* _Exercise description_
All that is needed is every record, duplicated exactly.

START Records supplied

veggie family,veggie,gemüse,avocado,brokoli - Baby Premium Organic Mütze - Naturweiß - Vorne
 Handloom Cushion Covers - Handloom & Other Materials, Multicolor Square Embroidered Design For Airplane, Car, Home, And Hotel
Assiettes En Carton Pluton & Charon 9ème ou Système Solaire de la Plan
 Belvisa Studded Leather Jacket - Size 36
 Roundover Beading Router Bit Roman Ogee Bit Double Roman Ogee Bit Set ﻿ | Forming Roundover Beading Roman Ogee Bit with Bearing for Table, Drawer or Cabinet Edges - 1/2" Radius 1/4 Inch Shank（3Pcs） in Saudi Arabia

END Records supplied

* _Written response_
veggie family,veggie,gemüse,avocado,brokoli - Baby Premium Organic Mütze - Naturweiß - Vorne
 Handloom Cushion Covers - Handloom & Other Materials, Multicolor Square Embroidered Design For Airplane, Car, Home, And Hotel
Assiettes En Carton Pluton & Charon 9ème ou Système Solaire de la Plan
 Belvisa Studded Leather Jacket - Size 36
 Roundover Beading Router Bit Roman Ogee Bit Double Roman Ogee Bit Set ﻿ | Forming Roundover Beading Roman Ogee Bit with Bearing for Table, Drawer or Cabinet Edges - 1/2" Radius 1/4 Inch Shank（3Pcs） in Saudi Arabia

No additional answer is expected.